[Recorded data]
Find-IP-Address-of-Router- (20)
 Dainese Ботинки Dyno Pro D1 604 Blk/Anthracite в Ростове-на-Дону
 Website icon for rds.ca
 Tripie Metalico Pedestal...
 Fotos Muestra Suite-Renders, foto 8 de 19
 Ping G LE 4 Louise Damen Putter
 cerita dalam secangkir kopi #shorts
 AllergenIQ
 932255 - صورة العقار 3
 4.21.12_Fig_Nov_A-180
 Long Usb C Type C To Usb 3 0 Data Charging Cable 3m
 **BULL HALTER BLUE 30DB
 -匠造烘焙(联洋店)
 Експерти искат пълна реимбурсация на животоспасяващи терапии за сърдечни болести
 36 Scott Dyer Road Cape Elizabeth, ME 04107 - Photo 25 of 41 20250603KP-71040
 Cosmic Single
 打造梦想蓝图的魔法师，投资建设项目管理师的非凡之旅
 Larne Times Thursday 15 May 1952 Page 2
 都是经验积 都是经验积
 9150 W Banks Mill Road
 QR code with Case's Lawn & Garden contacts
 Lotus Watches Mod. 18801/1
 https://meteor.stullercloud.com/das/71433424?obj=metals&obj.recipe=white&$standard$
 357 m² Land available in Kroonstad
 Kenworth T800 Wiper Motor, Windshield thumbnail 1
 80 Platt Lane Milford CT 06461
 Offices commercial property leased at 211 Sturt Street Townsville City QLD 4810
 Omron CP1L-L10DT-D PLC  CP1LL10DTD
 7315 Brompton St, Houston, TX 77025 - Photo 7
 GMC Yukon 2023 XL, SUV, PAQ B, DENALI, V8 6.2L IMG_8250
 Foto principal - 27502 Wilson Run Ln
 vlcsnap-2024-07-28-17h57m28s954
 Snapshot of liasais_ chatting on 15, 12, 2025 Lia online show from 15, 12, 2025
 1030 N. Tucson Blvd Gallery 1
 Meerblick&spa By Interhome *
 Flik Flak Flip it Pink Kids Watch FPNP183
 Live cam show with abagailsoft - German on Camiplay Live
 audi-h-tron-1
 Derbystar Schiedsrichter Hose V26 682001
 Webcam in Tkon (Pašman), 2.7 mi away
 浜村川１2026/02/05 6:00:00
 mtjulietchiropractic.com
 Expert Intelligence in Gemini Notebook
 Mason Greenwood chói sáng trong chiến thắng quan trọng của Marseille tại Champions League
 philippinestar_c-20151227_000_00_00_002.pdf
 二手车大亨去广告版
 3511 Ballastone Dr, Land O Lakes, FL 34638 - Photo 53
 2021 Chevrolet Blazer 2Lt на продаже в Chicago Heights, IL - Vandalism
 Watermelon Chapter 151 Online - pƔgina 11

### What you need to do
Give back, unchanged, the line that holds "Mason Greenwood chói" along with all lines after it through the last line above.

### Output of the exercise
 Mason Greenwood chói sáng trong chiến thắng quan trọng của Marseille tại Champions League
 philippinestar_c-20151227_000_00_00_002.pdf
 二手车大亨去广告版
 3511 Ballastone Dr, Land O Lakes, FL 34638 - Photo 53
 2021 Chevrolet Blazer 2Lt на продаже в Chicago Heights, IL - Vandalism
 Watermelon Chapter 151 Online - pƔgina 11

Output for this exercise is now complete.